Missing values should be denoted by NA. Note that whereas PLINK also treats -9 as missing, this is not the case in LDAK. Binary phenotypes should only take values:
- 0 (control), 1 (case) or NA; or
- 1 (control), 2 (case) or NA
When a phenotypic values is NA for a particular sample, then that sample is excluded from the analysis.
Covariates
Covariate files should be in PLINK format. The first two columns should provide the sample FIDs and IIDs, with subsequent columns providing covariate values. For example:
FID IID PC1 PC2 PC3 Age Sex
1 1 0.42 -0.12 1.23 41 0
2 2 -0.1 0.23 0.49 64 1
3 3 0.21 -0.14 -0.23 27 0
...
If you have quantitative covariates, you should use --covar
, while if you have categorical covariates, you should use --factors
. Note that if a categorical covariate has U unique values, LDAK will (internally) replace it with U-1 indicator variables (LDAK will give an error if the total number of indicator variables is greater than half the sample size).

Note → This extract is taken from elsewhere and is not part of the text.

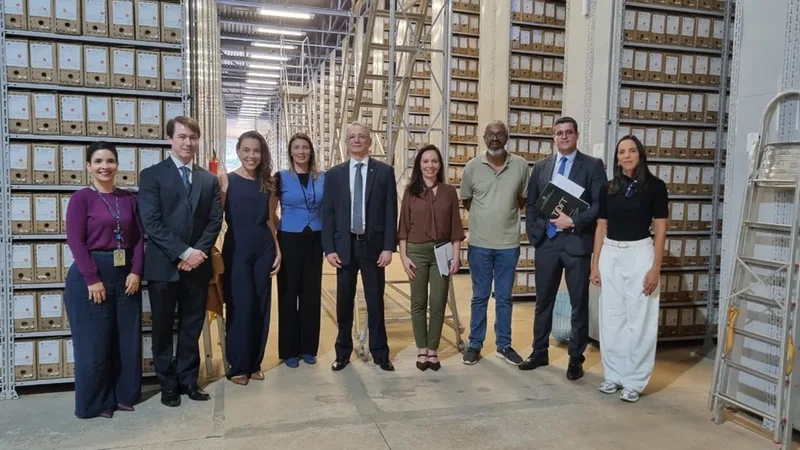 TJDFT apresenta acervo e projetos de gestão documental a Fernando Habibe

If providing quantitative covariates, you can use --covar-numbers
to specify a subset of covariates (using commas and/or dashes to specify multiple covariates). For example, --covar-numbers 1,2,4-6,8
tells LDAK to retain Covariates 1, 2, 4, 5, 6 and 8. If the covariate file has a header name, you can instead use --covar-names
(use commas to specify multiple covariates).

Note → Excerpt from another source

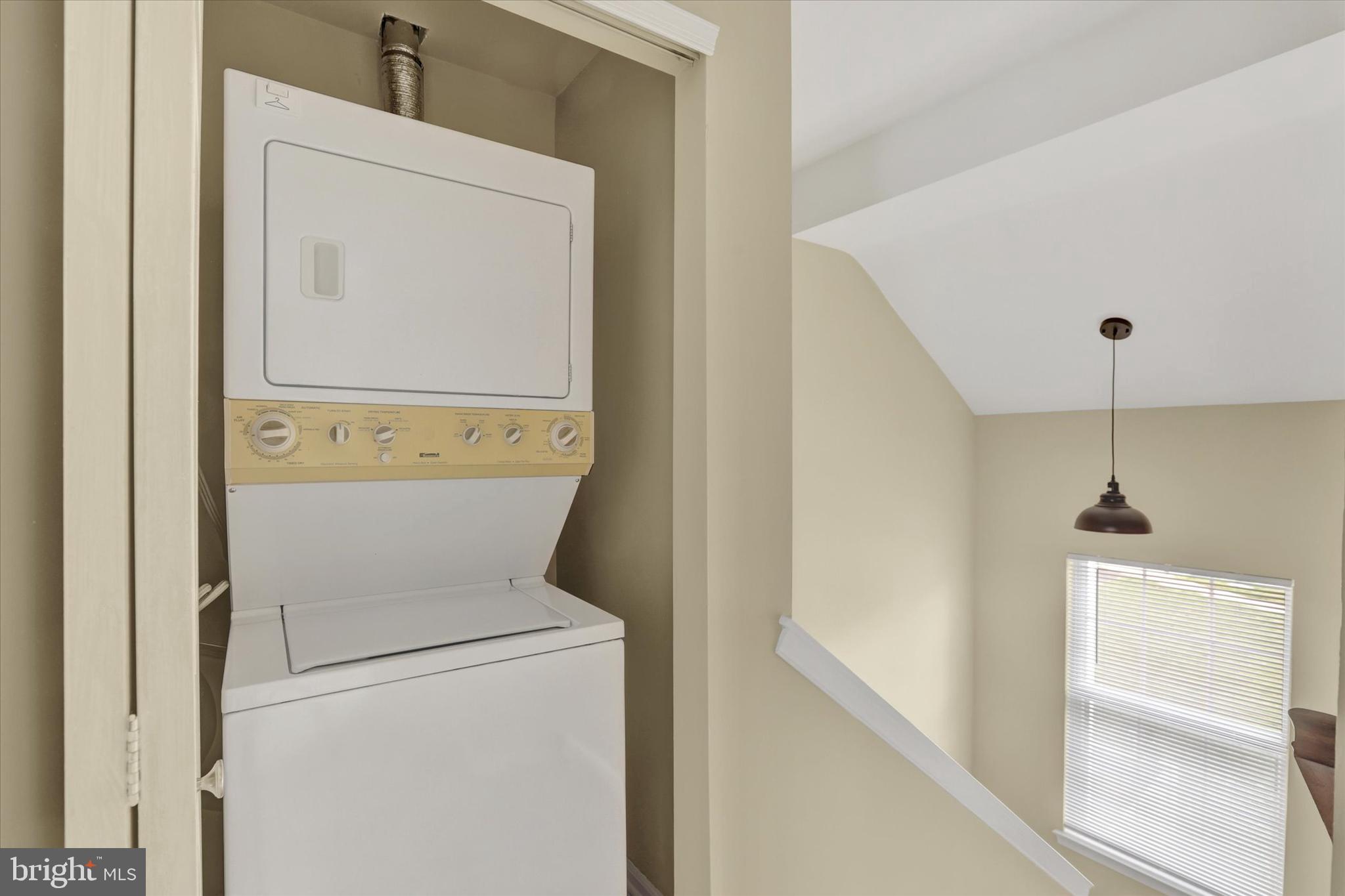 COUNTRY BEND - Residential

Missing covariate values should be denoted by NA (missing values are replaced by the mean value of the corresponding covariate).
Gene annotations
Gene-based association analysis requires a gene annotations file, which should be in ‘Browser Extensible Data’ format. This means that it should contains one row for each gene, and four columns, that report the gene name and chromosome, and its start and end basepairs. For example, if the file contained a single line, with entries “ABC 7 0 10”, this would indicate there is one gene, called ABC, which spans the first ten basepairs of Chromosome 7.
It is possible to download gene annotation files (hg37 and hg38) in a Linux terminal using:
wget https://dougspeed.com/wp-content/uploads/RefSeq_GRCh37.txt
wget https://dougspeed.com/wp-content/uploads/RefSeq_GRCh38.txt
The gene annotations files can also be downloaded from GitHub.
Data filtering
For most commands, it is possible to filter on SNPs or filter on samples using the following arguments:
Argument | Description |
---|---|
--extract <extractfile> |
Tells LDAK to use only the predictors specified in <extractfile> |
--exclude <excludefile> |
Tells LDAK to not use the predictors specified in <excludefile> . Note that predictors in –exclude |
--chr <integer> |
Tells LDAK to only use predictors on a particular chromosome. If you use –chr AUTO, LDAK will only use Chromosomes 1-22 (in humans, these are the autosomes) |
--snp <predname> |
Tells LDAK to only use the named predictor |
--keep <keepfile> |
Tells LDAK to only use the samples specified in |
--remove <removefile> |
Tells LDAK to not use the samples specified in |
In addition, for many commands, you can add --pheno <phenofile>
and LDAK will only consider samples for which phenotypes are available.
Note that if you would like to filter predictors based on minor allele frequency, variance, missingness or information score, you must first remake the data (this filtering can not be done on-the-fly).